March 26, 2008 6:04:24 PM

Raid 0 will give you slightly faster read and write times but you will absolutely need another drive to backup information to. Raid 0 has the consequences of losing all data in the raid if a single drive fails.

If you are on a budget and can only afford two drives, do not go with a Raid 0. Too risky for the price.
March 26, 2008 6:07:22 PM

Raid0 is good but it depends on what your using it for. I work with a lot of huge files(10-50GB) so its twice as fast moving them around between my raid arrays than using single drives. But in general, raid0 on a home PC is not worth the price or hassle.
March 26, 2008 6:15:22 PM

^agree with the hassle part

as for drive failures... you have 2 drives in raid so yes, 2 opportunities to fail, but at the same point on one large drive if it fails you still lose all ur data. Best bet in either case is to backup stuff. If super important use dvd's or even tape drives, otherwise using an external drive that does not stay powered on all the time (and thus the heads are parked) is more secure than just relying on the one (or raided two) internal drive.

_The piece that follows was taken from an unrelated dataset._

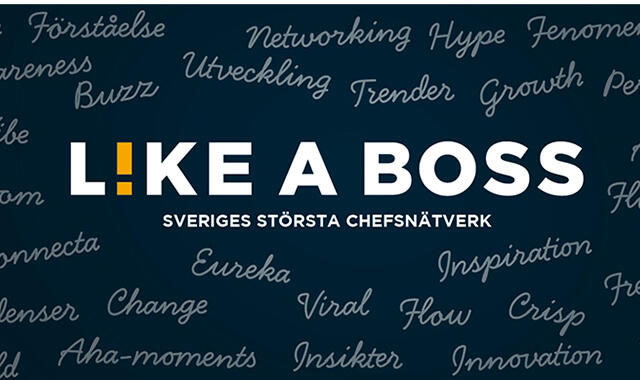 L!ke a Boss – Sveriges största chefsnätverk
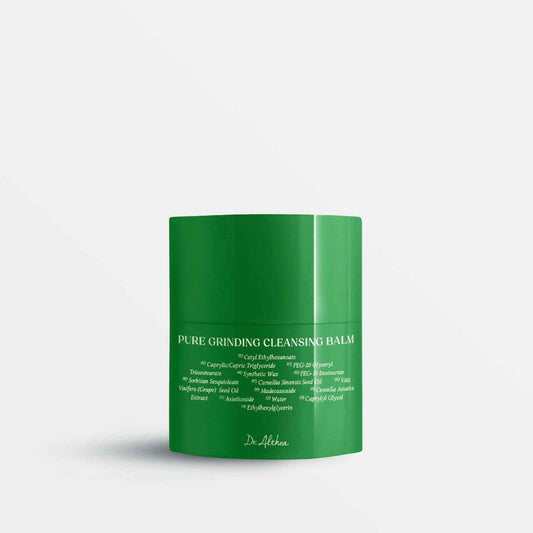 Dr.Althea Pure Grinding Cleansing Balm-Hygienic One Step Makeup Remover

JMO, for what it's worth. Rock on.
March 26, 2008 7:43:44 PM

Hassle, it most certainly is, but I think it's worth it. Of all the hassles in my computer builds I spend extra money on the quanitity of my hard drives so that I get the best of both worlds.
A lot of people have 1 main drive and then a backup drive which probably doesn't get used like it should. What I have is one more drive then them. 2x 250's in Raid0 and a single 500 that gets synced to the raid0. 500GB synced with 500GB. My media is stored ON the 500GB drive so that when I'm using my computer and listening to music or watching a video on my 2nd monitor, there is no performance hit. Then syncing backs up my music/downloads/media from the 500GB to a partition on the Raid0. Every month I run DriveImageXML automatically with autoit v3 and the image of the Raid0 partition (60GB on outer edge of disks) gets stored on the 500GB drive.
So for me, it's the best of both worlds. I have a rather fool proof setup going with 2 smaller drives and a medium sized drive. The setup work was a hassle, but nobody can say I'll be up that creak without a paddle.
a c 104 } Memory
a c 167 G Storage
March 26, 2008 8:28:08 PM

@synh: If you need 500gb, get a 500gb drive, it will be cheaper.
32meg cache is better than 16, but I think you would be hard pressed to see any real difference.

There is generally no real world(vs. synthetic transfer rate benchmarks) performance advantage to raid of any kind.
Go to www.storagereview.com at this link: http://faq.storagereview.com/tiki-index.php?page=Single...
There are some specific applications that will benefit, but
gaming is not one of them. Even if you have an application which reads one input file sequentially, and writes
it out, you will perform about as well by putting the input on one drive, and the output on the other.



Hard drives are quite reliable these days, but if you have data you don't want to lose, you need to have an EXTERNAL backup system.
March 27, 2008 9:08:16 AM

Thanks for all the advice lads, greatly appreciated. That storagereview link is excellent, cheers. I guess I probably will go for a single internal HDD, with an external back up. But then, would you recommend a Spinpoint or a Barracuda?

So all in all, if RAID 0 isn't really what it is cracked up to be, how do you achieve the performance of say a raptor (or, let's be crazy, a cheetah) without suffering the hellish rattling?

By the way, are they "guides" on backing up your system properly?
March 27, 2008 11:08:23 AM

I would definately recommend either the 7200.11 or the spinpoint, both are nice so whatever fits your budget at the time and you won't regret either.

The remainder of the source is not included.